Another problem that may occur is a carbon boil – oxygen dissolved in the steel reacts with also-present carbon to generate bubbles of carbon monoxide. As the term boil suggests, this reaction is extremely fast and violent, generating large amounts of hot gas, and is especially dangerous if it occurs in the confined spaces of a casting machine. Oxygen can be removed by "killing" it through the addition of silicon or aluminium to the steel, which reacts to form silicon oxide (silica) or aluminium oxide (alumina). However, too much alumina in the steel will clog the casting nozzles and cause the steel to 'choke off'.
Computational fluid dynamics and other fluid flow techniques are being used extensively in the design of new continuous casting operations, especially in the tundish, to ensure that inclusions and turbulence are removed from the hot metal, yet ensure that all the metal reaches the mould before it cools too much. Slight adjustments to the flow conditions within the tundish or the mould can mean the difference between high and low rejection rates of the product.

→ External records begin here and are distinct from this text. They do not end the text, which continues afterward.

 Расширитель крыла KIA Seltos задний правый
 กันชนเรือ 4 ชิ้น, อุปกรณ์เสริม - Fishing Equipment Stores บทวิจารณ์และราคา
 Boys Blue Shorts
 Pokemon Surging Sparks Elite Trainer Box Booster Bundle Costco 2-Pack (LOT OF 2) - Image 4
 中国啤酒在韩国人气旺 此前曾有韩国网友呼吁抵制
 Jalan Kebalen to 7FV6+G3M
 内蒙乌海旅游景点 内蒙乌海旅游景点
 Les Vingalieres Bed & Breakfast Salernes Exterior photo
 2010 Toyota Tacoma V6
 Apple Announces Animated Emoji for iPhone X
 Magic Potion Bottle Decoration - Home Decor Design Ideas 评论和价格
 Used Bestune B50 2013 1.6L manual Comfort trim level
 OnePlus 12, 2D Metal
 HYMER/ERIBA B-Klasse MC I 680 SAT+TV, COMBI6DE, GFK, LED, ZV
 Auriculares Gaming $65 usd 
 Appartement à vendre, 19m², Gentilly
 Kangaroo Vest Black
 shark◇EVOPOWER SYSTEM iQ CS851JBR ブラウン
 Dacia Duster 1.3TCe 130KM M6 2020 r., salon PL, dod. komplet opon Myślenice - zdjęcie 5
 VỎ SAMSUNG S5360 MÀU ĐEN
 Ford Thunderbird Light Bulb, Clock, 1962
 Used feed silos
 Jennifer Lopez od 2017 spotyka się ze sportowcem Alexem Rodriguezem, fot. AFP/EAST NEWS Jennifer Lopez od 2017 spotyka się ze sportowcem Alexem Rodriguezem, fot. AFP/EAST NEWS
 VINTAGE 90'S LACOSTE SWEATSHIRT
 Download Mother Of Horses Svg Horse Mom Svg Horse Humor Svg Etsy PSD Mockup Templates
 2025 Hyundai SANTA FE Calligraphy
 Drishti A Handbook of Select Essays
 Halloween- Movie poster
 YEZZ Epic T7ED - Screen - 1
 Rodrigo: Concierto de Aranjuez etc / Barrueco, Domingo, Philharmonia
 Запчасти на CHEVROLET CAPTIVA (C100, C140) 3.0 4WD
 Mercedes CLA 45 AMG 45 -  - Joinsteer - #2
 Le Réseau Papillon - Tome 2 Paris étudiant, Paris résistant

The starter bar, also called a dummy bar, has a free end portion which is flexible for storage and a substantially rigid portion at the end which plugs the mold. The starter bar is constructed in discrete blocks secured to one side of a planar spine provided in segments and arranged end to end. Adjustable spacers in the form of tapered blocks are disposed between the blocks of the bar to allow the starter bar to be self-supporting in a curved configuration corresponding to the casting path. A more flexible spine in the end portion of the starter bar allows the starter bar to be curved to a tighter radius than that of the casting path while the blocks fan out in an unsupported configuration. A storage ramp is provided to support the flexible end in the stored position. Before a cast is started, the starter bars are fed through the caster (in reverse direction of casting) using hydraulic actuators. Once fed all the way to the bottom of the mold, the process of packing the mold can continue to ensure a smooth start up.
Direct strip casting is a continuous casting process for producing metallic sheet directly from the molten state that minimizes the need for substantial secondary processing. For low-carbon sheet steels, this is a relatively new process which has only achieved commercial success since the early 2000s. [9] [10]
Twin-belt continuous casting is a continuous casting process that produces high volume continuous metal bar or strip of constant rectangular cross section. Twin-belt continuous casting employs a moving mold consisting of parallel carbon-steel belts held in tension as top and bottom casting surfaces. Chains of rectangular steel or copper blocks moving with the belts and spaced according to the desired cast width form the sides of the mold.
Molten metal is introduced into the twin-belt continuous casting machine from a tundish through a nozzle placed between the casting belts. The metal is cooled by direct contact with the belts which are in turn cooled by high pressure recirculating water. Various coatings can be applied to the belt casting surfaces to provide required mold interface characteristics and prevent adhesion.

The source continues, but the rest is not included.